Decorative Coatings: Bringing Walls to Life
Natural oils and fats, various kinds of waxes and silicone derivatives – what sounds like the list of ingredients for a facial mask is actually a potted history of decorative coatings, a tradition WACKER has honed to perfection.
There are more similarities than just the basic ingredients. Much like skin-care products, decorative coatings are designed to protect a building’s walls against the wear and tear of everyday life. One of the key challenges for exterior paints, for example, is to allow vapor to diffuse from the inside out while reducing the ingress of water. On the inside, interior paints make it easier to remove stains, thereby also protecting resources as renovation cycles can be extended.

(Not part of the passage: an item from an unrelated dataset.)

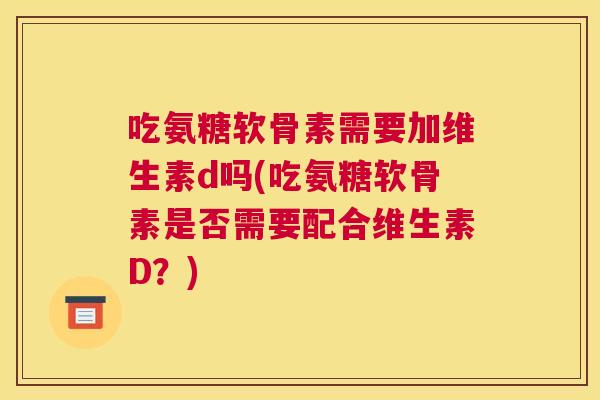 吃氨糖软骨素需要加维生素d吗(吃氨糖软骨素是否需要配合维生素D?) 吃氨糖软骨素需要加维生素d吗(吃氨糖软骨素是否需要配合维生素D?)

To achieve this, WACKER has invested more than half a century of research and hundreds of millions of euros to deliver a state-of-the-art portfolio of decorative coatings. WACKER experts discovered the benefits of silicone resins for masonry protection some 50 years ago. As their research showed, silicone resins react with mineral construction materials to form a water-repellent, yet vapor-permeable network. Patented as “Aqueous dispersions of paints containing organopolysiloxanes and organic resins” on 16 October 1963, this expertise laid the foundation for the development of silicone resin emulsion paints.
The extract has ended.